2025-12-16 18:53:16 +09:00
parent 11a75d8532
commit cf575ded90
1 changed files with 17 additions and 2 deletions
--- a/src/corelibs/csv_handling/csv_interface.py
+++ b/src/corelibs/csv_handling/csv_interface.py
@@ -7,10 +7,13 @@ from typing import Any, Sequence
 from pathlib import Path
 from collections import Counter
 import csv
+from corelibs.file_handling.file_bom_encoding import is_bom_encoded, is_bom_encoded_info
 from corelibs.exceptions.csv_exceptions import (
    NoCsvReader, CompulsoryCsvHeaderCheckFailed, CsvHeaderDataMissing
 )

+ENCODING = 'utf-8'
+ENCODING_UTF8_SIG = 'utf-8-sig'
 DELIMITER = ","
 QUOTECHAR = '"'
 # type: _QuotingType
@@ -27,6 +30,7 @@ class CsvWriter:
        file_name: Path,
        header_mapping: dict[str, str],
        header_order: list[str] | None = None,
+        encoding: str = ENCODING,
        delimiter: str = DELIMITER,
        quotechar: str = QUOTECHAR,
        quoting: Any = QUOTING,
@@ -38,6 +42,7 @@ class CsvWriter:
        self.__delimiter = delimiter
        self.__quotechar = quotechar
        self.__quoting = quoting
+        self.__encoding = encoding
        self.csv_file_writer = self.__open_csv(header_order)

    def __open_csv(self, header_order: list[str] | None) -> csv.DictWriter[str]:
@@ -69,7 +74,8 @@ class CsvWriter:
        try:
            fp = open(
                self.__file_name,
-                "w", encoding="utf-8"
+                "w",
+                encoding=self.__encoding
            )
            csv_file_writer = csv.DictWriter(
                fp,
@@ -109,6 +115,7 @@ class CsvReader:
        self,
        file_name: Path,
        header_check: Sequence[str] | None = None,
+        encoding: str = ENCODING,
        delimiter: str = DELIMITER,
        quotechar: str = QUOTECHAR,
        quoting: Any = QUOTING,
@@ -118,6 +125,7 @@ class CsvReader:
        self.__delimiter = delimiter
        self.__quotechar = quotechar
        self.__quoting = quoting
+        self.__encoding = encoding
        self.header: Sequence[str] | None = None
        self.csv_file_reader = self.__open_csv()

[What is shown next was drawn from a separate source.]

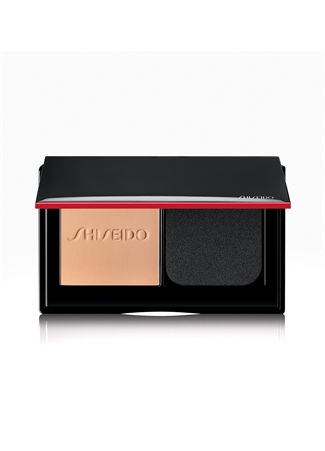 Shiseido SMU SS SR Custom Finish Powder Fd 240 Pudra_2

@@ -129,9 +137,16 @@ class CsvReader:
            csv.DictReader | None: _description_
        """
        try:
+            # if UTF style check if this is BOM
+            if self.__encoding.lower().startswith('utf-') and is_bom_encoded(self.__file_name):
+                bom_info = is_bom_encoded_info(self.__file_name)
+                if bom_info['encoding'] == 'utf-8':
+                    self.__encoding = ENCODING_UTF8_SIG
+                else:
+                    self.__encoding = bom_info['encoding'] or self.__encoding
            fp = open(
                self.__file_name,
-                "r", encoding="utf-8"
+                "r", encoding=self.__encoding
            )
            csv_file_reader = csv.DictReader(
                fp,